The two girls manage purely living on memories of happier days at Talberthays “where summer has been liberal in her gifts…memories of green, sunny, romantic Talberthays”. Tess finds it hard to work because unlike Mr Crick her new employer Farmer Groby dislikes Tess and constantly gave her a hard time only based on when Angel hit him after he told him that Tess had bin with Alec. As Tess is the closest he is going to get to Angel he is taking his revenge out on her.
Hardy then brings in the idea of they industrial revolution and it makes it clear that he doesn’t like this time which brought on a lot of changes and he does the through language that he uses for example making the threshing machines sound like a monster, “this one black, with a sustained hiss that spoke of strength “this one black, with a sustained hiss that spoke of strength”
Hardy uses the threshing machine because it symbolizes her harsh and uncomfortable conditions in which Tess is made to live while at the farm.
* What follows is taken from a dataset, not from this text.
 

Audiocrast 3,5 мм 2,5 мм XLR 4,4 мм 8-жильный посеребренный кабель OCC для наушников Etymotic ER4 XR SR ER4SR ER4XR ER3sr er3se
Hardy talks about the machine as if it was alive and needs to be fed by the girls, “the red tyrant that the women had come to serve”. Hardy makes out that the girls need tit to carry on with their work, “endurance of their muscles and their nerves”. There thresher is made to sound ugly and scary through Hardys description, “black, sooty, grimy” as it is a “dark motionless being”. These words are made almost reflect Tess’ vulnerability, especially when she is forced to work on the machine, “shaken bodily” because it’s not just the machine that Tess is scared off. She is also scared of Alec who decided to come and visit Tess. To Tess’ unawareness Alec entered the farm leaving the workers guessing who he was, “I’ll lay a guinea he’s after Tess”. Hardy uses the image of Tess being forced to keep feeding the machine with wheat to represent the fact that Tess has to constantly become a slave to somebody in order to survive through life. For example when she told Angle, “I will obey you like your wretched slave”. Tess is currently at a very low part in her life and Hardy uses Alec’s appearance at the farm to represent this as she was also at a low point on her first meeting with Alec.
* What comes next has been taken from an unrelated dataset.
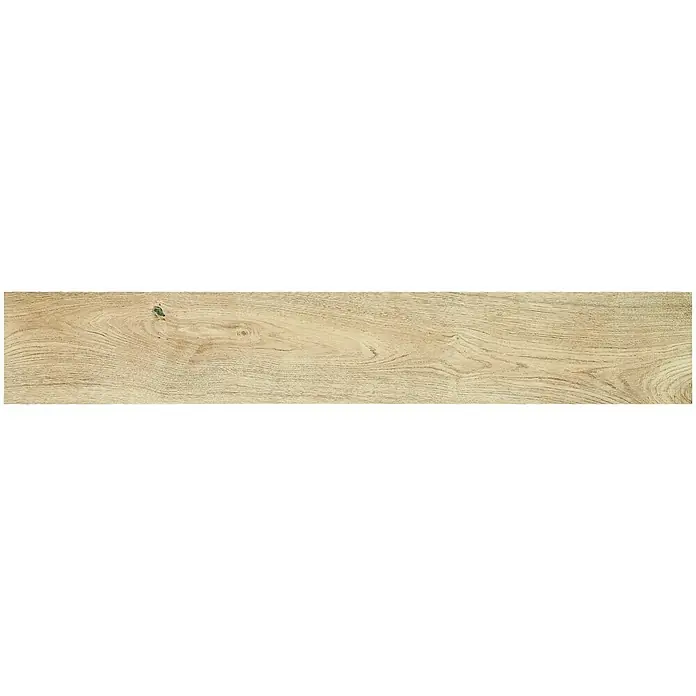 Harmonie by Palazzo Feinsteinzeugfliese - 20 x 120 cm, Creme, Matt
In conclusion, Hardy has made these two different place (Talbothays and Flintcomb – Ash) very important parts in his novel because together with the use of colour, similes, metaphors, personification, pathetic fallacy and Hardy’s good use of description, it helps us to create two different parts in Tess’ life. One of which was full of love with Angle, happiness and sunny days spent at Talbothays. But in total opposite to this she also spent an equally important part of her life at Flintcomb – Ash. Where she felt nothing but pain and suffering in the long cold hard months she spent there, to give an image of her break up with Angel and the thought that she may be left with a future of suffering compared with what she could have had at Talbothays.